# Dutch Detailing Forum



## Slewey

I don't know if there are any dutchies around here, but I'll give it a try.


Everything about detailing; washing, prepping, cleaning, polishing, sanding, all brands & all products.
Hope that it will become like this forum one day


----------



## cossiemen

Very good idea mate, just joined your board.


----------



## brianfocus

Yep, I found you in the Netherlands. I'm sure there are more people around here from Holland. :thumb:


----------



## FiveCX-5

Be sure of that !

grtz Marcel


----------



## saunders120+

i know i aint dutch but that site looks awesome quality mate


----------



## Slewey

bit late, but thanks 

We have a great example here at DW!


----------



## Black Widow

You are doing a great job Slewey.
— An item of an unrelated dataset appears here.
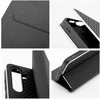 Oem Dėklas su klapką na Xiaomi Redmi NOTE 15 PRO 5G Luna Book Carbon juoda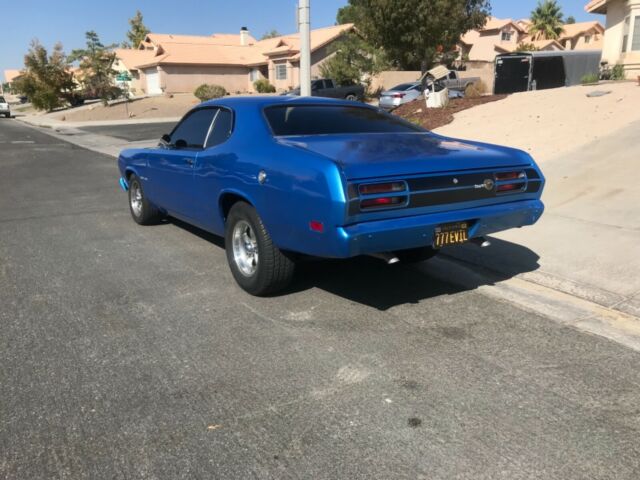 Plymouth Duster 1970 image number 23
Very nice forum :thumb:


----------



## geert dr

Hey Slewey,

keep up the good work !! :thumb: :wave:


----------



## DannyL

*hits the on switch of the compressor for some dust removal

Hello


----------



## HalfordsShopper

hello guys, slightly off topic, but do you know when the tulips come out?  A few friends want to ride over on our motorbikes to see them this spring, but we are not sure of the best time to do it.


----------



## HalfordsShopper

grr @ you dutch people. Whats up? want to keep all the tulips for yourselves of something? Grr.!


----------



## southwest10

Why grrrr.....grrrr to yo self...


----------



## DannyL

He means greetings 

The tulips are normally growing from april till june.


----------



## HalfordsShopper

wow - they look sweet. I can't wait to see a field full of them. (thanks for the pm)


----------



## DannyL

You're welcome


----------